(Dataset extract)
=== Section Start ===

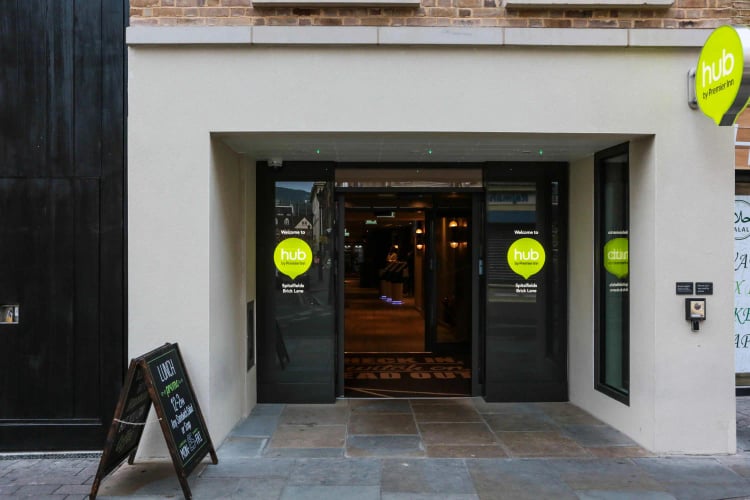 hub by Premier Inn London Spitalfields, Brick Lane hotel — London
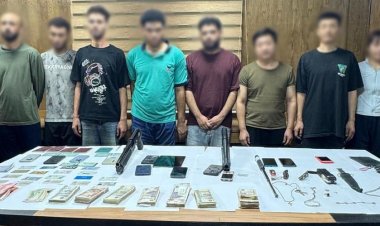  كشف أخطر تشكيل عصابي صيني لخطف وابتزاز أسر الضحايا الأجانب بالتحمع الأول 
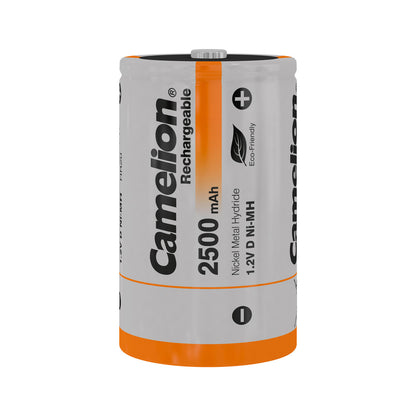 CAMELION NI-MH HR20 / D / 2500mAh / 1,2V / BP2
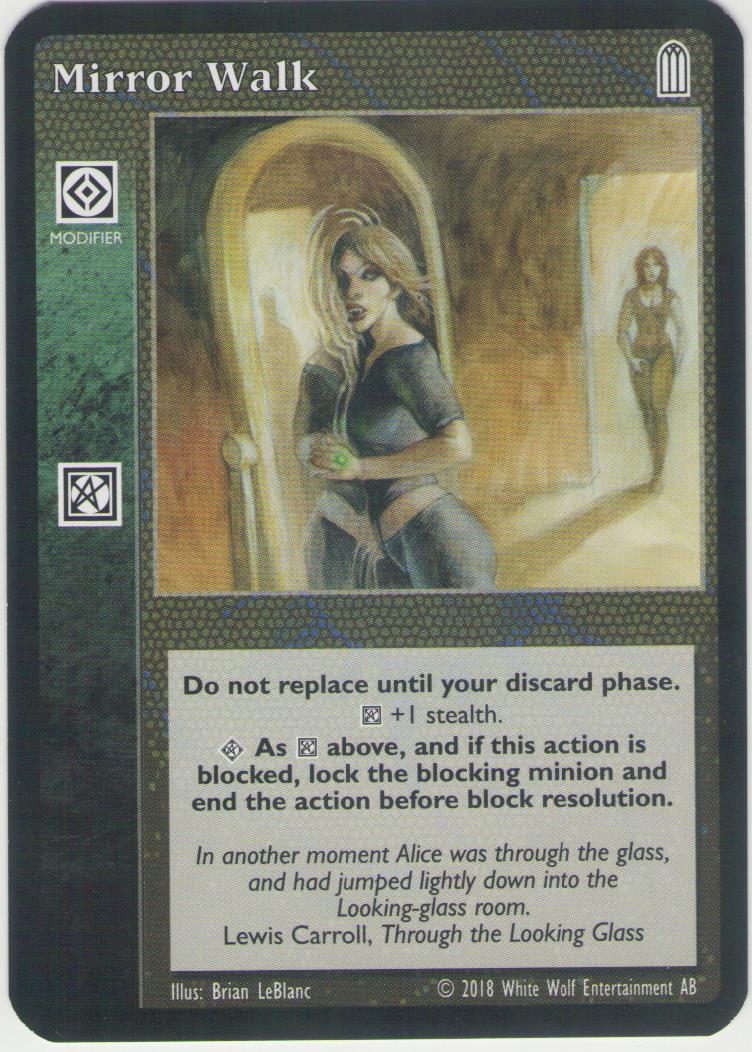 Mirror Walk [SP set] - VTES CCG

=== Section End ===
=== Section Start ===

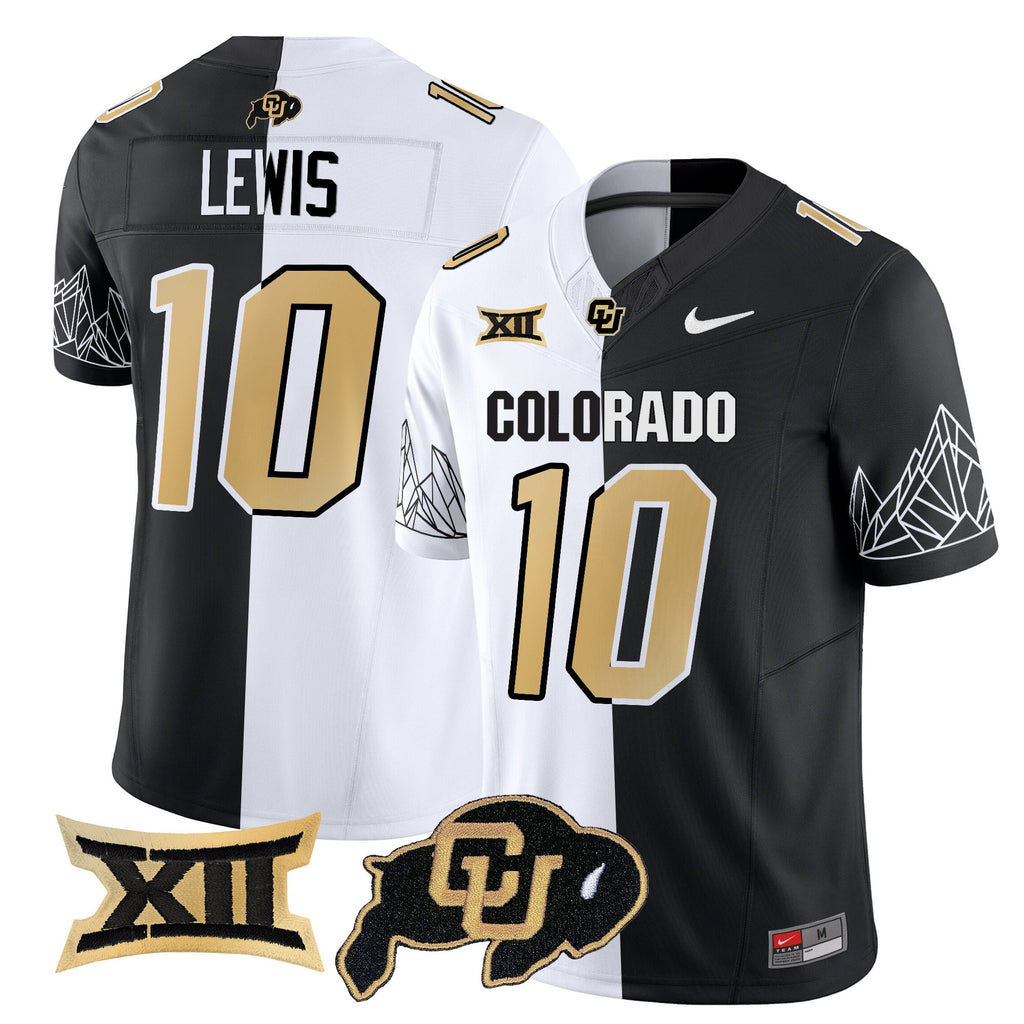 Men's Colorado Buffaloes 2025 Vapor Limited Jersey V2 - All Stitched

=== Section End ===
=== Section Start ===

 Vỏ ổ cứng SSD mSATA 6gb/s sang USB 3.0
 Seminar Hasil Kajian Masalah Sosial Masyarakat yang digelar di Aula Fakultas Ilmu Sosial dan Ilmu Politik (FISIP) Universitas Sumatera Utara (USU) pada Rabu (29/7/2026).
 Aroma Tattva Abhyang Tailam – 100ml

=== Section End ===

(Your instructions) Output the material above exactly, but only from the line that carries "Seminar Hasil Kajian" through the line that carries "Aroma Tattva Abhyang Tailam – 100ml".

(Solution)
 Seminar Hasil Kajian Masalah Sosial Masyarakat yang digelar di Aula Fakultas Ilmu Sosial dan Ilmu Politik (FISIP) Universitas Sumatera Utara (USU) pada Rabu (29/7/2026).
 Aroma Tattva Abhyang Tailam – 100ml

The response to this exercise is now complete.